And not only did they take in all that Germany had to offer, but they also gave back. Whether in the cultural, intellectual or scientific realm, Jews contributed to the nation in numbers that made them stand out (so much so that their prominence in some fields was often used against them by the country’s anti-Semites).
And when it came to the ultimate sacrifice, Jews served their country in the First World War alongside their Christian neighbors and died alongside them, too. How could such a group of people who were so well-integrated into German society be removed from it in so short a time? How did Hitler and the Nazis do it?
On March 15, 1933, less than two months after Hitler’s appointment as Chancellor, Nazi Interior Minister Frick ordered an end to the naturalizing of Jews emigrating from Eastern Europe (Ostjuden). Only four months later, on July 14, they moved from the denial of naturalization to those entering the country to the removal of citizenship to those already there.
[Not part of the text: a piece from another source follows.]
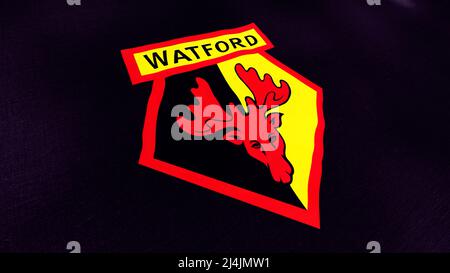 Abstrakt Watford Football Club Flagge mit einem roten Kopf eines Hirsches. Bewegung. Englischer Profifußballverein mit einem Logo, das im Wind schwankt, nahtlos Stockfoto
According to the new law, Jews who had been naturalized between Nov. 9, 1918, and Jan. 30, 1933 — during the time of what the Nazis considered the illegitimate Weimar Republic — could have their citizenship stripped. As a result, more than 6,000 Jews along with their families lost their citizenship.
In 1935, the infamous Nuremberg Laws included a citizenship law that established two classes of citizen. First, those of “German or related blood” became Reichsbürger, and thereby retained their political rights. Jews were demoted to the status of German Staatsangehörige (subjects of the state) and denied the rights they once enjoyed as full citizens.
In October 1938, the Interior Ministry declared the passports of German Jews to be invalid. In order to get a new passport, they had to have their old one stamped with the letter “J” to mark (and separate) them as Jews. And in November 1941 — just one month after the start of Jewish deportations to the east — the government issued a law that immediately denaturalized all Jews upon emigration.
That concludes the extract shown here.